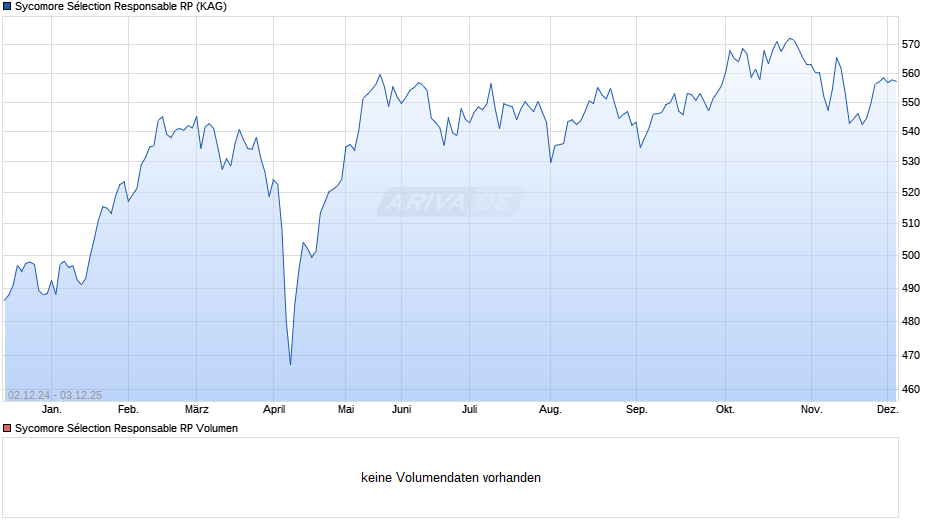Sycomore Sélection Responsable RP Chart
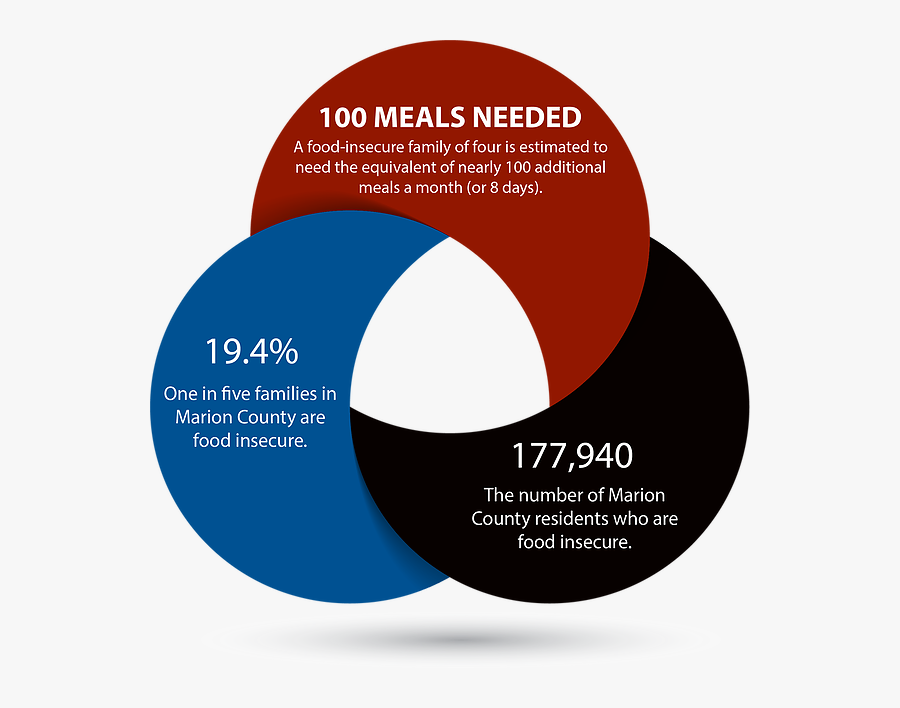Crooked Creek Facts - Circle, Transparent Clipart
---
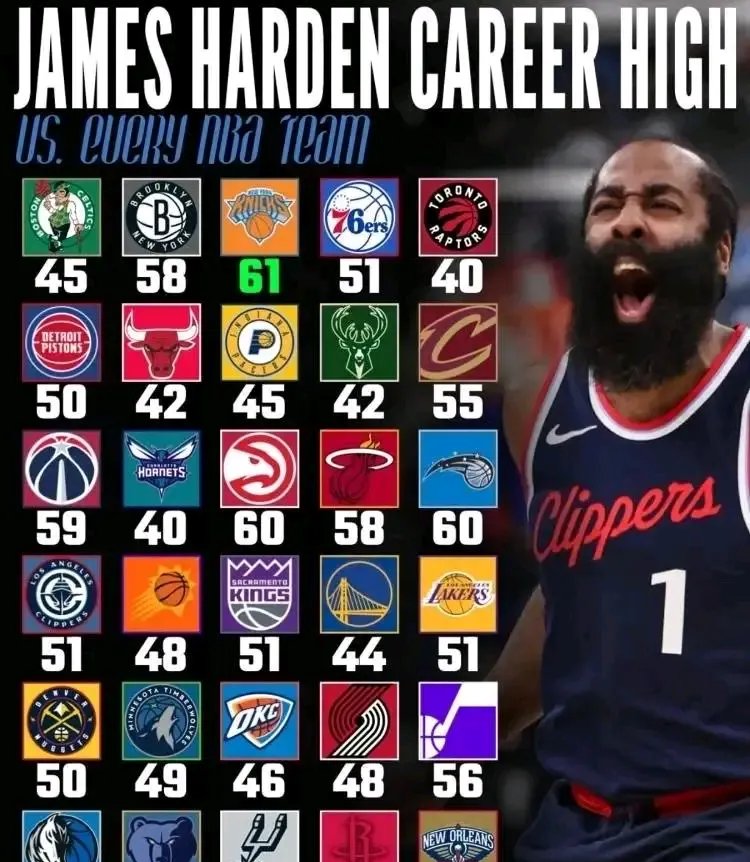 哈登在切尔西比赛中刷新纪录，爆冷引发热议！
==
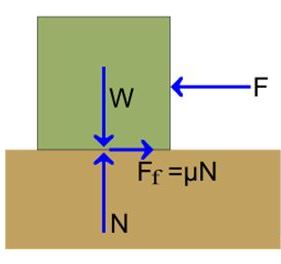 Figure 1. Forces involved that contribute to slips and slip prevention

WHAT YOU SHOULD DO:
Exactly the lines starting at the one above with "Sycomore Sélection Responsable RP Chart" and ending at the one with "Crooked Creek Facts" should be printed, and nothing else. Omit the pictures.

ANSWER SPACE:
Sycomore Sélection Responsable RP Chart
Crooked Creek Facts - Circle, Transparent Clipart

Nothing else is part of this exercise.